• What the task asks: From the records below, set down exactly the lines starting with the line that contains "5247 S Morning" and going on through the line that contains "1-к квартира, посуточно, 40м2, 12/20 этаж". Nothing else is wanted.

[Short text fragments from websites]
=== Section Start ===

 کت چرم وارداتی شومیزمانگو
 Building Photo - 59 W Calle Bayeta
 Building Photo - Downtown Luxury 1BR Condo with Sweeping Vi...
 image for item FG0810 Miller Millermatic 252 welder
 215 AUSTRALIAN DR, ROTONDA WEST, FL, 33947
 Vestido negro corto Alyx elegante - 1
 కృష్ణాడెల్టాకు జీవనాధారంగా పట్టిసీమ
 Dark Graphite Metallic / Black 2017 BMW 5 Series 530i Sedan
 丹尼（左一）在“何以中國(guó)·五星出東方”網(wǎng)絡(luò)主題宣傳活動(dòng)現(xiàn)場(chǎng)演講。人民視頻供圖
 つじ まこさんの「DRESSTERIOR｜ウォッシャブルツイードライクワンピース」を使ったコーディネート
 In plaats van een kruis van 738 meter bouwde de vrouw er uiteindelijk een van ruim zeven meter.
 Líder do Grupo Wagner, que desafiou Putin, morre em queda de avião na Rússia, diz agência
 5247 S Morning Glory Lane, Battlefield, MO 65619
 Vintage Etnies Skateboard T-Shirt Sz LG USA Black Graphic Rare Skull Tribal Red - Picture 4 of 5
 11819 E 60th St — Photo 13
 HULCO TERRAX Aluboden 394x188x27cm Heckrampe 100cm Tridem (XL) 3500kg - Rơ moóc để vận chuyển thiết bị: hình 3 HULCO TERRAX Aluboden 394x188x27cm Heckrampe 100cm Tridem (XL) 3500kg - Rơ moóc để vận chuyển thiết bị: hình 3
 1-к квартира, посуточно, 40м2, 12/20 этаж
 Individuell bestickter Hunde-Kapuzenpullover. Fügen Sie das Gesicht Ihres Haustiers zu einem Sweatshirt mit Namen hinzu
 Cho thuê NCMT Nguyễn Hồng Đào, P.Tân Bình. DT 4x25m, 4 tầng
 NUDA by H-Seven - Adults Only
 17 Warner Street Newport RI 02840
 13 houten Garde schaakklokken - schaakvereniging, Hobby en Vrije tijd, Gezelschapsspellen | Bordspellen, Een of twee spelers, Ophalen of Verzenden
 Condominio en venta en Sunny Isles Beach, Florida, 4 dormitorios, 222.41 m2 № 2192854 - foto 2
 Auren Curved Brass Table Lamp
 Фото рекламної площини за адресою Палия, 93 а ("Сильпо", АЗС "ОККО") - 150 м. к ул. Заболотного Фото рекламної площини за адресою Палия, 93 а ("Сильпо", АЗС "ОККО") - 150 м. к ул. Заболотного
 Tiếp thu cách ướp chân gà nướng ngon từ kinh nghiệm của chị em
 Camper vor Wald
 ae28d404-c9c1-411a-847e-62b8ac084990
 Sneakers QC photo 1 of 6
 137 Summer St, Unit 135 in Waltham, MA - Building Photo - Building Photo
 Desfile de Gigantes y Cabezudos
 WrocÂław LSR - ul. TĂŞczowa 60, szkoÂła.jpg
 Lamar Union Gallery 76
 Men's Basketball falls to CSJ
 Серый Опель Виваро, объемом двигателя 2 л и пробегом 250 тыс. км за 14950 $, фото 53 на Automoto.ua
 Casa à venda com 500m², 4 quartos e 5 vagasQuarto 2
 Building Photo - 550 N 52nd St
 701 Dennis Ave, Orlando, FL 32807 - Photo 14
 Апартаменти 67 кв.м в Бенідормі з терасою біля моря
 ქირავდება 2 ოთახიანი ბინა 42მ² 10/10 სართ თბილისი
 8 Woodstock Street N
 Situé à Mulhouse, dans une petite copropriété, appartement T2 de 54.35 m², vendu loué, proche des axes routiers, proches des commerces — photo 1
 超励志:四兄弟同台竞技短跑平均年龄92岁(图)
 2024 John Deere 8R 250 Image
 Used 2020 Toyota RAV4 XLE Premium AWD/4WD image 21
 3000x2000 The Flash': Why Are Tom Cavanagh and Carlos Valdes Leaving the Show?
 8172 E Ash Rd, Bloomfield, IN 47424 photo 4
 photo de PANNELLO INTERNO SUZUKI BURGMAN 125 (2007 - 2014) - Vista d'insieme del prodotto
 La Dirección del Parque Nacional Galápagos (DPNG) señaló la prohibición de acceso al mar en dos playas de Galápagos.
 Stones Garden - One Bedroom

=== Section End ===

• Exercise response:
 5247 S Morning Glory Lane, Battlefield, MO 65619
 Vintage Etnies Skateboard T-Shirt Sz LG USA Black Graphic Rare Skull Tribal Red - Picture 4 of 5
 11819 E 60th St — Photo 13
 HULCO TERRAX Aluboden 394x188x27cm Heckrampe 100cm Tridem (XL) 3500kg - Rơ moóc để vận chuyển thiết bị: hình 3 HULCO TERRAX Aluboden 394x188x27cm Heckrampe 100cm Tridem (XL) 3500kg - Rơ moóc để vận chuyển thiết bị: hình 3
 1-к квартира, посуточно, 40м2, 12/20 этаж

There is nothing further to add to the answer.